→ **Input data**
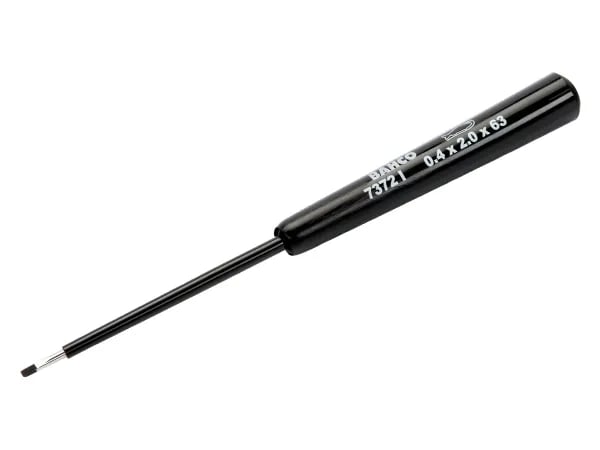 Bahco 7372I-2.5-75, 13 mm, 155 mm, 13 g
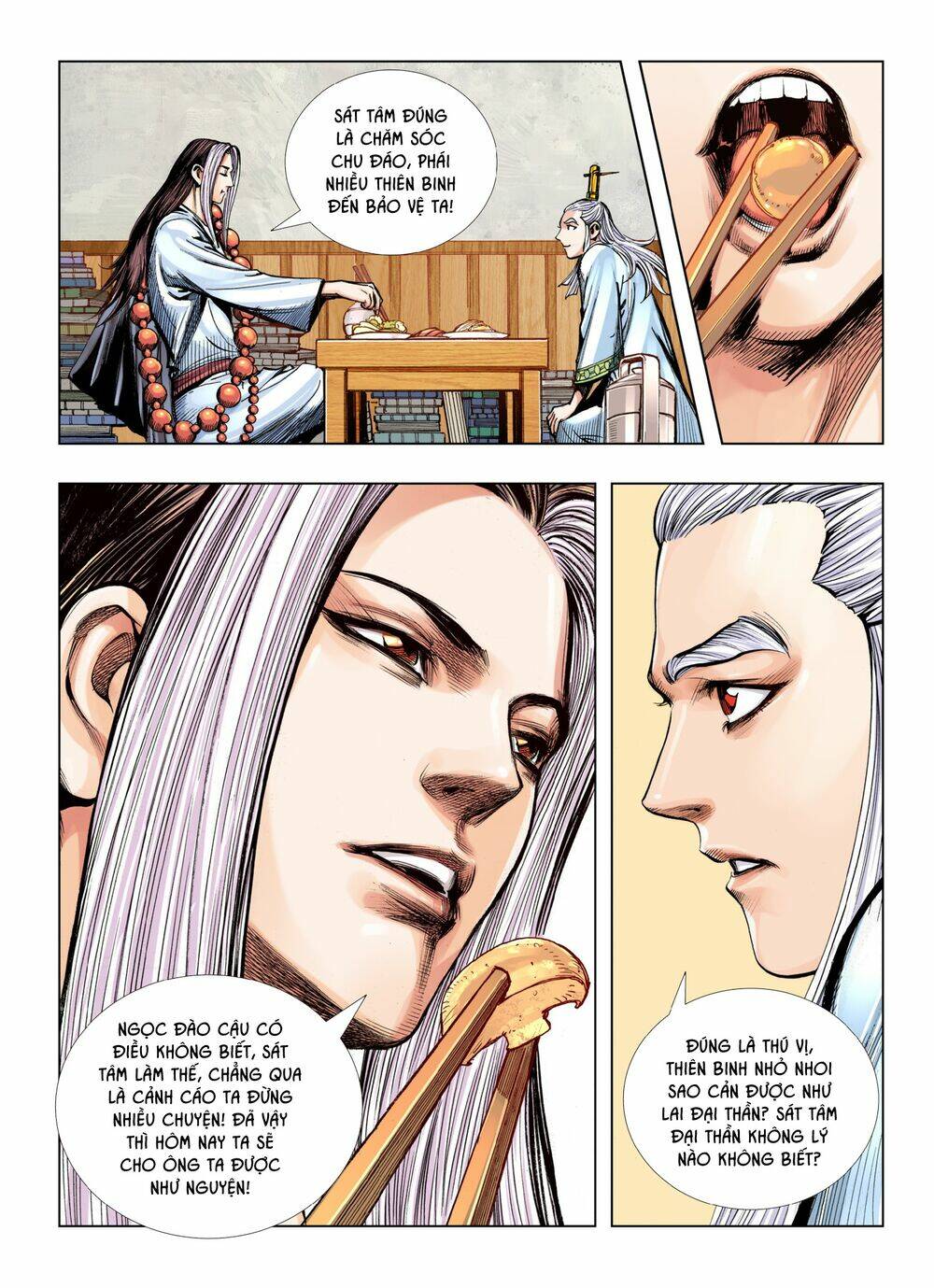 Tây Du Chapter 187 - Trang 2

---

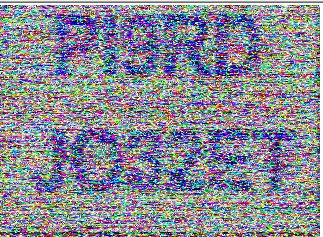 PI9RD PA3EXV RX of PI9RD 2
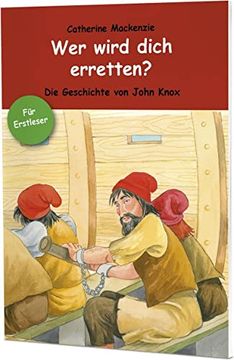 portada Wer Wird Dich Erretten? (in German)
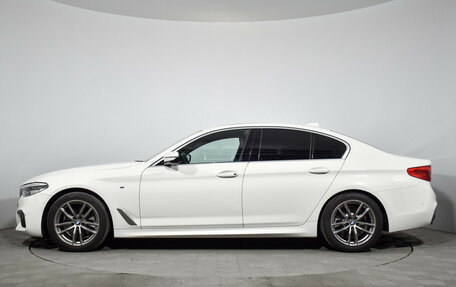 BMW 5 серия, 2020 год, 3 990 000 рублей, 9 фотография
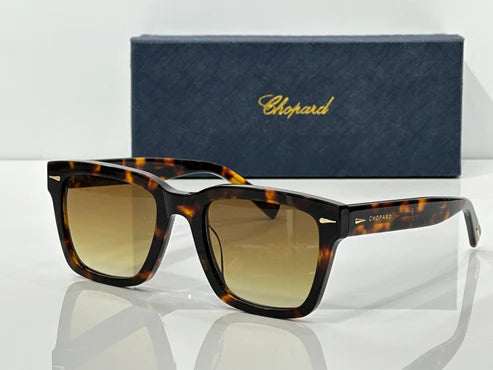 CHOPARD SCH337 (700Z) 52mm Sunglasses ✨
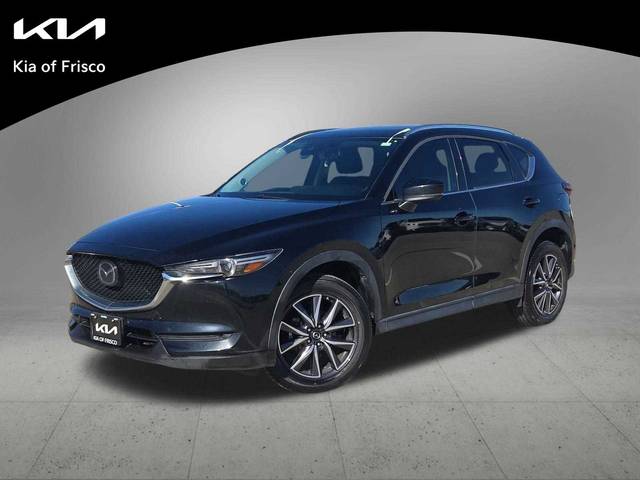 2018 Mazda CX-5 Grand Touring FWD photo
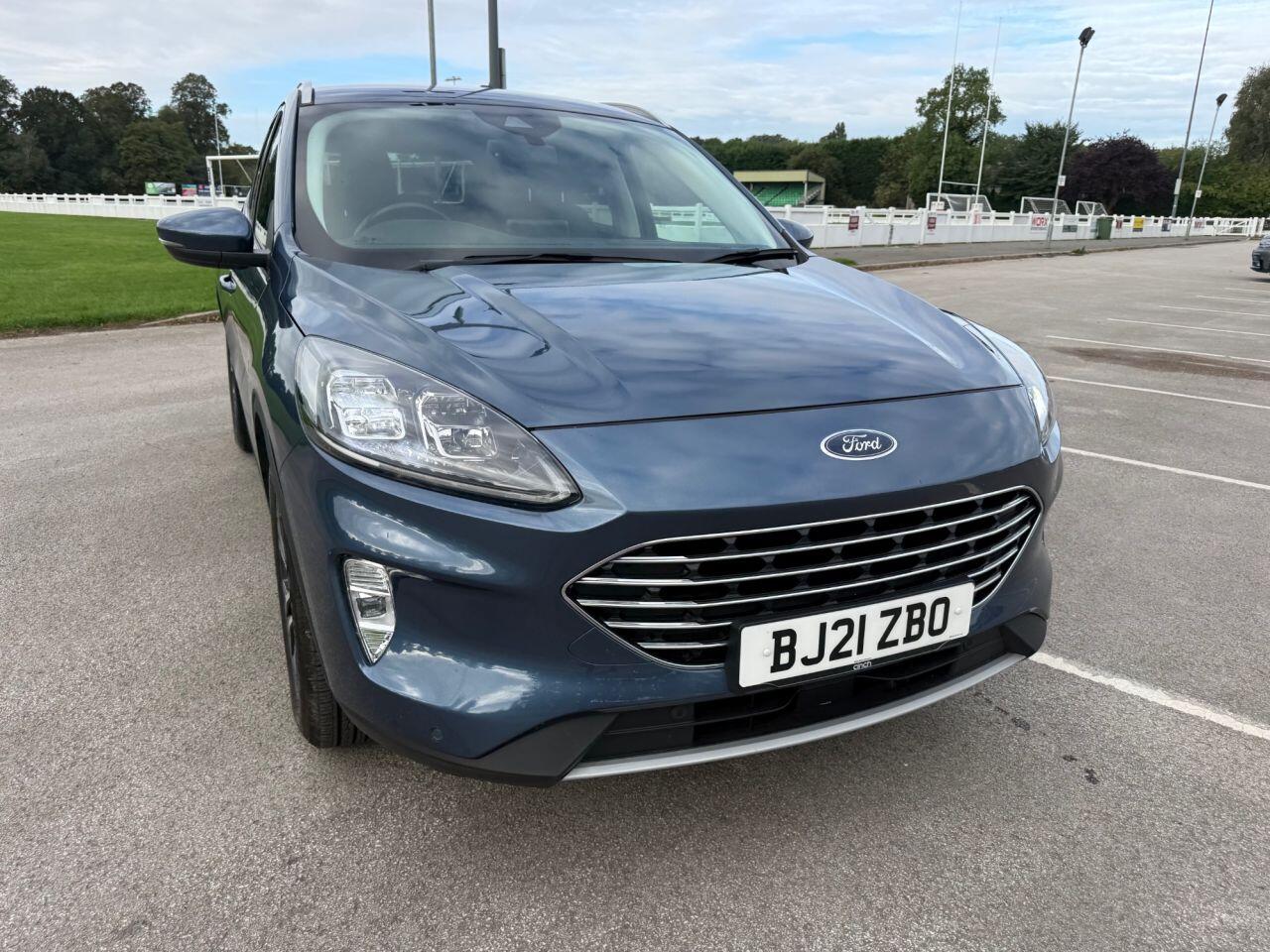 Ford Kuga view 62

→ **Try it**
Print the part of the listing above that opens with the line containing "Bahco 7372I-2.5-75, 13 mm, 155 mm, 13 g" and closes with the line containing "Tây Du Chapter 187 - Trang 2". Copy it exactly, both ends included, and omit the pictures.

→ **Solution to this problem**
 Bahco 7372I-2.5-75, 13 mm, 155 mm, 13 g
 Tây Du Chapter 187 - Trang 2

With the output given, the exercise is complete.